Settlement Corp. says she has other options

Mike W. Bryant
Northern News Services

Colville Lake (Sept 03/01) - A law student from Colville Lake says she will have to go it alone after being denied funding under a regional settlement agreement.

Jennifer Duncan, who left for Vancouver last week to enter second-year law at the University of British Columbia, says Sahtu Secretariat Incorporated has cut her off after receiving funding for the last two years.



Jennifer Duncan, a second-year law student from Colville Lake, left to attend classes at the University of British Columbia last Friday. She says she will have a hard time making ends meet this year after being denied funding by Sahtu Settlement Corp. - Mike W. Bryant/NNSL photo



"It was a complete shock to me," says Duncan, who as an undergraduate at the University of Alberta received honours with first class standing, and is now on her way to becoming a lawyer. "There are no other students going to law school in the Sahtu."

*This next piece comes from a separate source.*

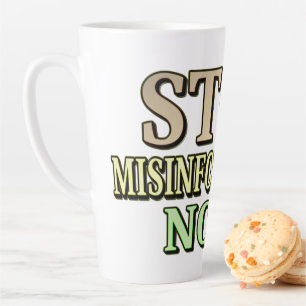 Tasse Latte "STOP MISINFORMATION" Mignonne conception. Command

Duncan applied for funding from the Settlement Corp. last July. Previously, she says she paid her way through school using scholarships and money she saved up over the summer.

When she discovered that there was education funding available through the Settlement Corp., she applied to them and they paid her way through school the last two years.

This year, she says, the district committee that approves education funding for Fort Good Hope and Colville Lake -- the Yamoga Training Committee -- had her jumping through hoops from the get go.

"I got a phone call back from SSI saying I needed a letter of decline from SFA in order to get funding," says Duncan.

After contacting the appropriate sources at student financial assistance and explaining her case, she received a rejection letter, but even after that, she was still denied funding by the Yamoga Training Committee.

She received a letter from the committee dated Aug. 20, stating: "The committee felt that to go on sponsoring one law student continuously is a substantial amount of money and feel these funds can be spent to send more students out for training or providing a training program here in the district."

Now without SFA funding -- the deadline for applications was July 15 -- or Settlement Corp. money she says she will have to foot most of the $10,000 plus she in expenses this year herself.

She says while an undergraduate student, she was able to pay the bills, but now that she is in considerably more expensive law classes, she will have difficulty making ends meet.

Tom Forbes, who sat on the committee that rejected her application, says much of Duncan's problems were brought on by herself.

"Generally, they (students) go to SFA, as a last resort they go to us," says Forbes. "There's lots of options and she hasn't explored them. That's what we advised her last year."

He also said that the committee's say is not final, and she can appeal their decision with the Settlement Corp. if she likes.

For her part, Duncan says she has no plans to appeal, but she will write the Settlement Corp. a letter outlining her concerns.

Even though she is entitled to GNWT Student Financial Assistance, Duncan says she never claimed it on principle -- that she would rather claim funding tied to the 1993 Sahtu land claim settlement than revenue collected by the GNWT.

"This [Sahtu Secretariat Incorporated] is a land claims organization and I'm a beneficiary," says Duncan. "It's partly mine so why not access that. Education is supposed to be important in the Sahtu."